No tenía idea de que llevaría a una de las experiencias más dolorosas y significativas de mi vida
La evidencia de mi situación me esperaba cada mañana en la mesa de la cocina.
Una factura de electricidad atrasada. Otro aviso amenazando con cargos por retraso. Una mancha de café que se extiende por el sobre. A su lado, un lápiz que dibujaba a mi hija Lily había hecho de nuestra pequeña familia de pie con orgullo frente a una casa que no poseíamos.
Cuando eres un padre soltero con tres hijos y el alquiler sigue aumentando más rápido que tu cheque de pago, el orgullo se convierte en algo que no puedes pagar.
Así fue como yo, Stan, de treinta y cinco años y constantemente agotado, terminé trabajando para la Sra. Whitmore.
Era una viuda rica en sus setenta años que vivía detrás de puertas de hierro y en una mansión más grande que cualquier edificio que alguna vez había llamado hogar.
Esperaba que estuviera distante.
En cambio, ella me sorprendió.
En mi primer día, descendió la escalera de mármol lentamente, con perlas descansando elegantemente contra su cuello. Cuando me alcanzó, extendió su mano con un calor genuino.
– Debes ser Stanley.
“Stan, señora. Sólo Stan.”
“Entonces Stan lo es”, dijo con una sonrisa. “Espero que seas paciente. Me muevo más lento en estos días”.

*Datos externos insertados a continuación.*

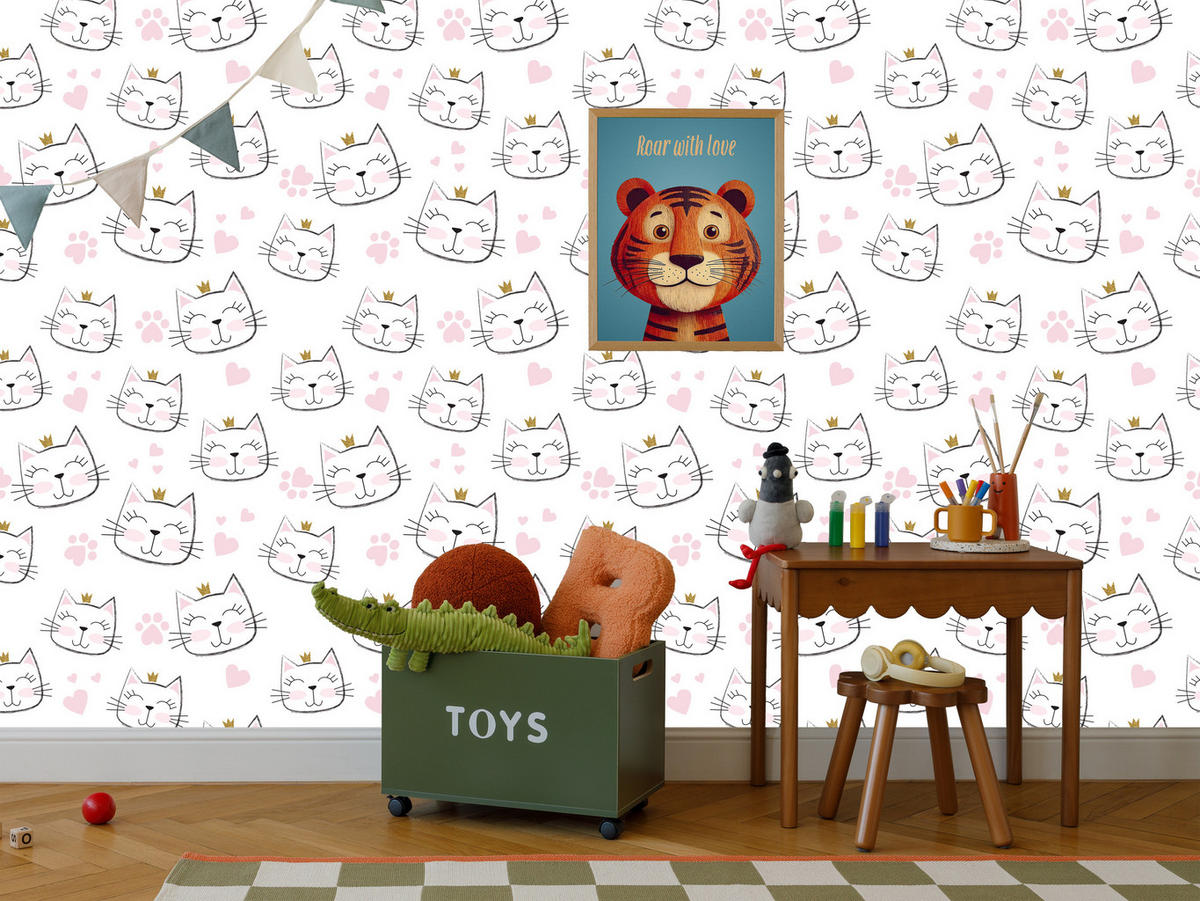 VLIESTAPETE Katzen mit Kronen und Herzen – Rosa, Grau, Weiß – 50x1000 cm - Rosa/Weiß, Papier (50/1000cm) - Muralo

A partir de ese momento, mis suposiciones desaparecieron.
Durante varias semanas, mis responsabilidades fueron simples.
La llevé a citas médicas, eventos de caridad, almuerzos con viejos amigos y todos los viernes al cementerio donde fue enterrado su esposo Arthur.
Ella nunca lloró en su tumba.
En cambio, ella le habló suavemente, como si estuviera sentado a su lado.
Con el tiempo, empezó a hacer preguntas.
“¿Cuántos años tienen tus hijos, Stan?”
“Siete, cinco y dos”.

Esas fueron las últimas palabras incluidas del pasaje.